La silla ejerce una extraordinaria fuerza de atracción. Su simple presencia te interpela. «Siéntate, y después ya veremos qué pasa», parece proponerte al entrar en una estancia y quedar cara a cara. Actúa por succión, como una esponja. Se presta. Y tú avanzas hacia ella casi sin darte cuenta, como sonámbulo. Herman Hertzberger sostenía que «la acción más elemental que permite a los individuos tomar posesión de su entorno directo es probablemente la de sentarse».
Además, está su carga metafórica. Todavía recuerdo cómo Pepe Viyuela convertía un asiento en una rebeldía, en un sueño inalcanzable, los días en que triunfó con un espectáculo en el que se pasaba una hora intentando sentarse sin éxito en una silla de tijera, mezclando surrealismo y gimnasia. Pero por encima de todo, el asiento simboliza el poder, le hegemonía, la influencia. Aunque también puede significar falta de autoridad. O qué describe mejor la soledad y el abandono que una silla vacía, o coja, por ejemplo. Algunos días la silla y tú, cómodamente sentado, representáis el fracaso de la gente que prefirió rendirse y descansar un poco, baldada, en lugar de seguir de pie, en la lucha.
El ser humano urde objetos que sueñan con ser algo más que eso y conquistar un significado, aunque sea secreto; o que un poeta les cante, como Pedro Salinas a la bombilla, Raymond Carver a su coche destartalado, o Jorge Guillén, por supuesto, al asiento. Siempre la silla es algo más que una silla: es un mensaje, una idea. Sabe poner en juego un complejo sistema de símbolos, capaces de provocar insospechados efectos. Lo vimos hace un par de semanas en Ankara, cuando el protocolo turco dispuso, durante la cumbre con la diplomacia europea, sillas para Erdogan y Charles Michel, pero no para Ursula von der Leyen. Su silla ausente, la que no había, el fantasma de la silla, nos habla de la sociedad que somos y de todo lo que nos falta.

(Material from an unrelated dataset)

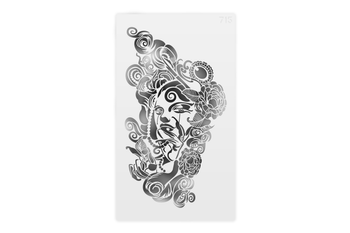 0715 Twarze | Zwierzęta | Symbole szablon Airbrush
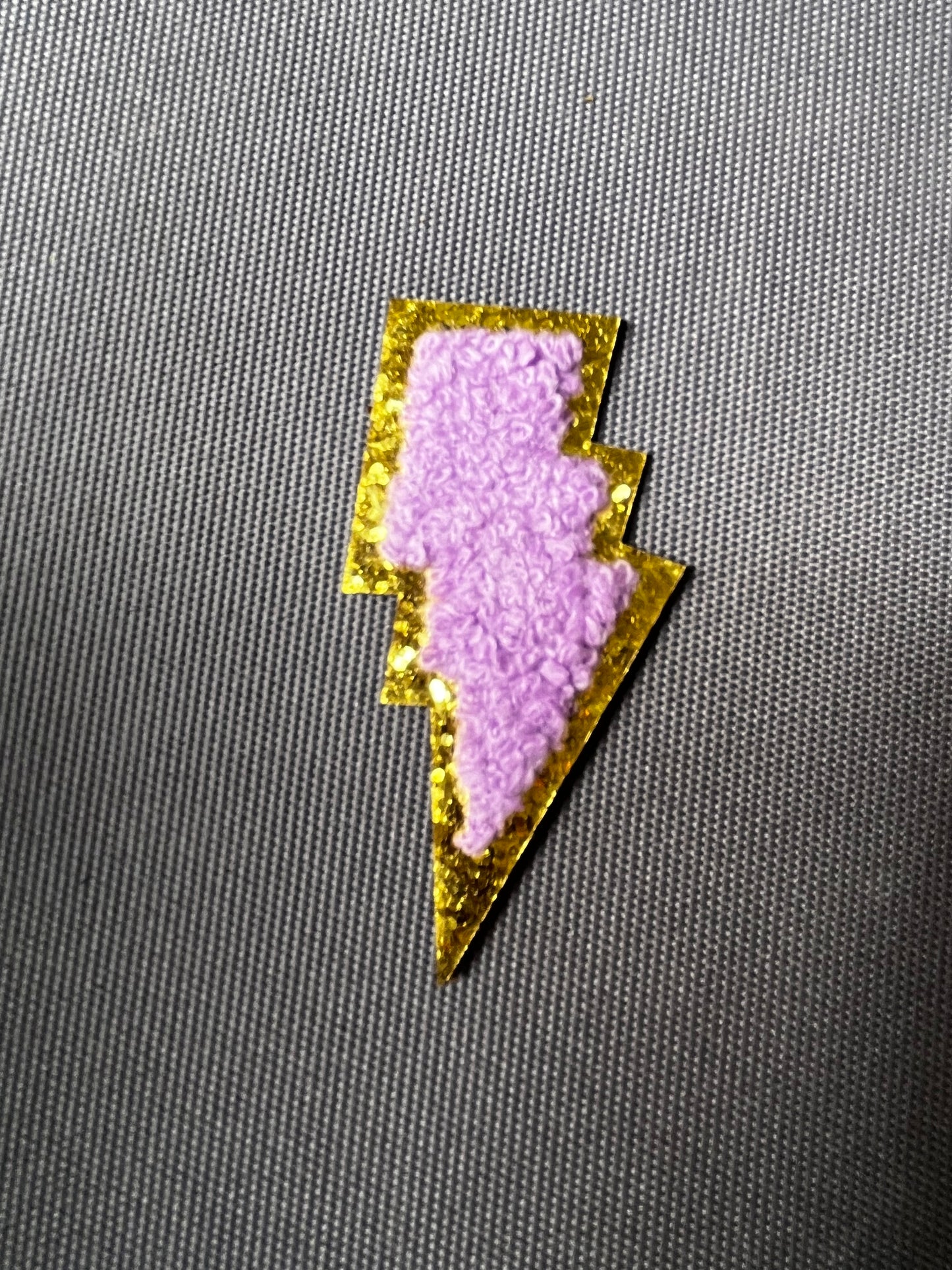 LIGHTNING BOLT Chenille Patch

Casi nada en relación a una silla es banal. En alguna medida, organizamos nuestra vida sobre la posibilidad de sentarnos. Quién sabe si solo una vez que tomamos asiento va encajando lentamente el resto del mundo a nuestro alrededor. De pie es como si nada, o poco, tuviese sentido, o entenderlo te dejase demasiado para el arrastre. En una silla vamos a sentirnos siempre más seguros. Aunque a un tiempo también más acechados, porque alguien estará siempre esperando la hora en que nos levantemos, distraídos, y ocupar nuestro sitio por sorpresa. Todo aquel que permanece de pie ambiciona sentarse, como si la silla fuese a cambiar su suerte para bien.